When Ana presented her dissertation online in March, the broadcast was followed with great interest by companies and researchers in different parts of the world. Aluminum friction stir welding has rapidly become increasingly interesting for the aerospace, marine, rail and automotive industries.
The welding method has been most commonly used for straight welds. But there is also an increased need to weld components with higher geometric complexity, such as cylinder blocks for Volvo’s engines. The industrial applicability of this welding method has been questioned for complex geometries due to the inherent compliance in industrial robots caused by the large forces that are required. Using traditional setup, this compliance has led to issues like emergency stops due to the tool dig into the material, but Ana's research project opens doors for new opportunities.
Control through temperature measurement
– I have used the new innovative temperature measurement method, the tool-workpiece thermocouple (TWT), for temperature control of the welding process and shown how it can facilitate the use of robotic equipment for friction stir welding while ensuring weld quality. The measurement method provides good control because it allows us to follow the temperatures created in real time at the weld area. Factors that affect the temperature can then be controlled in an efficient way – for example, the rotational speed and pressure of the tool.

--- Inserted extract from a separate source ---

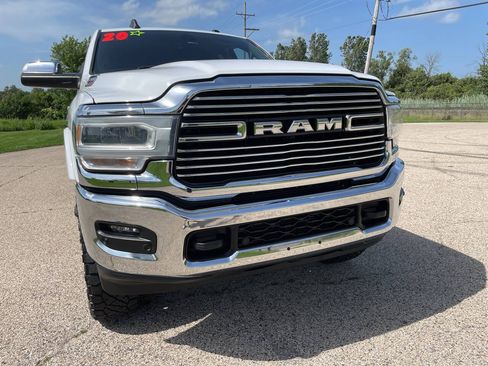 Used 2020 RAM 2500 Laramie AWD/4WD image 54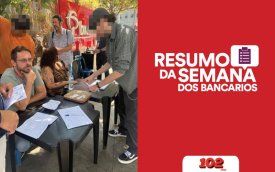 Resumo da Semana #28: Datas da PLR, Transporte na Cidade de Deus, Festa do Chope em Osasco e Ato pela Soberania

Having the right temperature throughout the process is crucial to the weld quality. Ana's extensive tests show that welding with temperature control facilitates achieving improved joint performance, uniform tensile strength along the joint and fewer welding defects.
– The benefits are many. This welding approach mainly saves time and material as it avoids damage to the component and the tool. It is faster to develop the welding process and the method can be applied in several machine types, not just industrial robots.
– My research is focused on aluminum, but friction stir welding is also applicable for welding in steel, magnesium, copper, and other materials.
The research results are particularly interesting for the aerospace and automotive manufacturing industries, but its benefits can be used in many more applications. This is an important reason why companies such as ESAB, Hydro, Sandvik, Saab, Volvo Cars and the research institute TWI participated in the project together with University West.
Ana has spent a lot of time conducting practical tests and experiments in the lab at the Production Technology Center in Trollhättan. Among other things, she has performed the welds, including the advanced welding joints in the cylinder blocks, implemented different temperature methods and designed the tools used. Her multidisciplinary research work has meant that she has learned everything from material knowledge, measurement, and welding technology to the programming of industrial robots.
– This is really multidisciplinary research with problem-solving in many different technology areas. But I have gotten great help from the supervisors and colleagues in the lab.
Want to continue working in the industry
In addition, over the five and a half years of research, Ana has also gotten married and had a child.
– For me, being a doctoral student and starting a family has worked fine. I have been able to have parental leave just as you are in any other profession. It is something I really appreciate with working in Sweden.
Now other doctoral students will take over where Ana finished. Several new research projects have been linked to her work. Much remains to be explored regarding friction stir welding and the TWT temperature measurement method.
– I would like to continue doing exciting work in the industry and explore the opportunities that friction stir welding provides.